Sep 30, 2002 | The Wall Street Journal

Enron Corp.'s questionable use of off-balance-sheet transactions to hide debt appears to have begun years earlier than previously believed, raising new uncertainties about the company's financial statements going back to the early 1990s, Monday's Wall Street Journal reported.

It also raises additional questions about the roles played by former Chief Executive Jeffrey Skilling and former Chief Financial Officer Andrew Fastow in setting up such structures.

During the early 1990s, the Enron unit run by Mr. Skilling set up a group of partnerships and trusts operating under the rubric "Cactus" to buy and sell large amounts of natural gas. Company documents indicate some of these were structured as "special purpose entities," which could serve as a repository for assets and debts that otherwise would have shown up on Enron's balance sheet. In order to be treated as separate, though, an SPE has to have at least 3% of its total capital in the form of equity from an outside venture, according to accounting rules put into place in 1991.

One of the Cactus entities, known as the Cactus Hydrocarbon III Production Payment Trust, was structured as an SPE and was part of a complex structure that appears to have held several hundred million dollars of off-balance-sheet debt. The documents describe Cactus III as a "$500+ million `permanent funding facility.'"

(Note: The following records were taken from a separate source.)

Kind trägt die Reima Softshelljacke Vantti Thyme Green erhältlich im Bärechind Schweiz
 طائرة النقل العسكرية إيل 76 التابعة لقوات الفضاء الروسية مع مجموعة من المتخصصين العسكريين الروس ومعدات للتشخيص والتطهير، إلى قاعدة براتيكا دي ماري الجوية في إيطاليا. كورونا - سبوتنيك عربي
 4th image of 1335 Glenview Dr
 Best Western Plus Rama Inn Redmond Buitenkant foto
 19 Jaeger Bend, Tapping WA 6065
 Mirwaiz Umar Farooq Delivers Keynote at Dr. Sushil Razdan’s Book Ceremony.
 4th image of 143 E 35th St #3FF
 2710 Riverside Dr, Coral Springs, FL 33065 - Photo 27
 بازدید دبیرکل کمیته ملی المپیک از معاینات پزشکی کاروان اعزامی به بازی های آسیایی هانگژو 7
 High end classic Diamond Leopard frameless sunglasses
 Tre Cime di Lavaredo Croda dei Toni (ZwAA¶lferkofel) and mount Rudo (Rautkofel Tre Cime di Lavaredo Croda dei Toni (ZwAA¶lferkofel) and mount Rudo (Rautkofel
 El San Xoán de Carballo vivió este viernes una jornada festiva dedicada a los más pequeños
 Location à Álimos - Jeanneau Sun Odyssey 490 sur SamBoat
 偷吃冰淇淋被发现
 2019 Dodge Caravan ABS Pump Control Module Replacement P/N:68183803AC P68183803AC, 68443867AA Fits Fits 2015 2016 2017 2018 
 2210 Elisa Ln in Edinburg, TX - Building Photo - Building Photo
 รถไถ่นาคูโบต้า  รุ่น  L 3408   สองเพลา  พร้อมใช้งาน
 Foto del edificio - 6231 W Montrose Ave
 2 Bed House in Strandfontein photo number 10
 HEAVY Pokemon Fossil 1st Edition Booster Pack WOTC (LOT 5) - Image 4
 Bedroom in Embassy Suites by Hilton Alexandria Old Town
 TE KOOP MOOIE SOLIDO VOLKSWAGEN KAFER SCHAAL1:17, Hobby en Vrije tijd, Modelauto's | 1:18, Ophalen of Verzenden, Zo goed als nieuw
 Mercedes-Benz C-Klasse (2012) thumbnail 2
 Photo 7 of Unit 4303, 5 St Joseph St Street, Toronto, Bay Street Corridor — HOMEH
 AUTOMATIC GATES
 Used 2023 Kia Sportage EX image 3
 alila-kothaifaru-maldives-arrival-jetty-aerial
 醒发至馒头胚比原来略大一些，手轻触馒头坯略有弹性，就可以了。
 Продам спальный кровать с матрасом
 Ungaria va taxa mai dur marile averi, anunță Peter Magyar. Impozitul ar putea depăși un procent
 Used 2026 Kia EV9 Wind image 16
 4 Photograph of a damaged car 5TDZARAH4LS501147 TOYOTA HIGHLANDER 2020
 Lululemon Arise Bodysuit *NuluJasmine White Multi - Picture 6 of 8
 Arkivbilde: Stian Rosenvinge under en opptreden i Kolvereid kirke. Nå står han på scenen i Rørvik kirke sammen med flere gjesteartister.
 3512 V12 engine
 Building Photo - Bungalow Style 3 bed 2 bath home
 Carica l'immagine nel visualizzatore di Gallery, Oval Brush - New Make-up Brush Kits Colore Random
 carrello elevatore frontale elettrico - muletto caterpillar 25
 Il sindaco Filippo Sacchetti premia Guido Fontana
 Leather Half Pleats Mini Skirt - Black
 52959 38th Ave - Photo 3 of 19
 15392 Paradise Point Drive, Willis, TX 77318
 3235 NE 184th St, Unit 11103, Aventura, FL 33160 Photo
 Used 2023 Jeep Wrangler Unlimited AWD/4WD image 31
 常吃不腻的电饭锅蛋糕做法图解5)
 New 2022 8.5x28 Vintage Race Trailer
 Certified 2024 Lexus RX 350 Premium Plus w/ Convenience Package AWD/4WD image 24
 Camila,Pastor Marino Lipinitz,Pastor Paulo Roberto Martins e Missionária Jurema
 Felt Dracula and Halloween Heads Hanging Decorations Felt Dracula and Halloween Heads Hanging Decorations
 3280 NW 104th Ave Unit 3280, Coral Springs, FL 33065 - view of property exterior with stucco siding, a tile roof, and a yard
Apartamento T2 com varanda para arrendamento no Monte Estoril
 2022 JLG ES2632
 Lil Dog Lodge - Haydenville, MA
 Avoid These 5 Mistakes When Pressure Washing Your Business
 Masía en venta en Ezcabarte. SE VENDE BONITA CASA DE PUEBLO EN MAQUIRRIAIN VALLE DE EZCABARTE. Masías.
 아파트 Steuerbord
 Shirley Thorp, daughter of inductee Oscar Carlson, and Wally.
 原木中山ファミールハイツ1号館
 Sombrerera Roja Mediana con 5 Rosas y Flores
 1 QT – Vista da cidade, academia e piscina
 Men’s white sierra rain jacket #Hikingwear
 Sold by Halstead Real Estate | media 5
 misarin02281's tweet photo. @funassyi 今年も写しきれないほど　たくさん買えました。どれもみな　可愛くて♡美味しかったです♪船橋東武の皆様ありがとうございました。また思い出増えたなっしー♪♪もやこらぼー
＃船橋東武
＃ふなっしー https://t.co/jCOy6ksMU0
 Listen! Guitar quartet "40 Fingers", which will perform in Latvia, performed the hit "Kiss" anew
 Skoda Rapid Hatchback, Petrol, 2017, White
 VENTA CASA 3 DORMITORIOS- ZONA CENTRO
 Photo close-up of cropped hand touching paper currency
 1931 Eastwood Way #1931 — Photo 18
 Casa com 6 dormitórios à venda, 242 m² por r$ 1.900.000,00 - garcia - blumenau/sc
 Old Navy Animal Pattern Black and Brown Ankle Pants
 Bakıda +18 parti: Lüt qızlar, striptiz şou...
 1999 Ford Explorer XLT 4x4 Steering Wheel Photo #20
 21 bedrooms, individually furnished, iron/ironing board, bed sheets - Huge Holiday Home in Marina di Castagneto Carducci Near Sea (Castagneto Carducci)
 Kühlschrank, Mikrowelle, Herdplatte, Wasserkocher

The Cactus III trust was created with two classes of "certificates": Class A, which comprised 97% of the capital, and Class B, which comprised the remaining 3%. While the structure clearly seems set up to meet the 3% equity requirement, the Enron documents show that the Class B certificates had several features commonly associated with debt. They carried an interest rate and holders received payments on a monthly basis, presuming there were sufficient funds available after paying the Class A certificate holders. The documents describe the Class B certificates as having an "outstanding principal component plus accrued and unpaid interest" and as being "trust liabilities." The documents also envisioned obtaining a credit rating on the certificates.

After looking over copies of some Cactus documents, Charles Mulford, an accounting professor at the Georgia Institute of Technology, questioned whether the structure would meet SPE accounting rules. Enron appeared to be "very much pushing the envelope on this Cactus deal," he said.

The General Electric Capital unit of General Electric Co. made a small investment of several million dollars in the Class B certificates. GE viewed the certificates as debt instruments, company spokesman John Oliver said. "We booked the investment as debt," he said, adding that GE doesn't know how Enron treated the Class B certificates.

An Enron spokesman said the company didn't have any comment on the Cactus program. One former Enron official who worked on the Cactus deals conceded that the certificates had "debt-like characteristics" and were "on the edge of the gray area" of what was acceptable from an accounting point of view. But, this person added, the Cactus transactions were thoroughly vetted by company lawyers and its outside auditor, Arthur Andersen LLP. "I would challenge anyone to say that these were a sham," this person said.

An Andersen spokesman said the firm "would never have approved the accounting for an SPE that didn't meet the accounting rules." Asked about the Class B certificates, he said "all the information we have indicates that this is an outside equity investment."

A spokesman for Mr. Fastow declined to comment.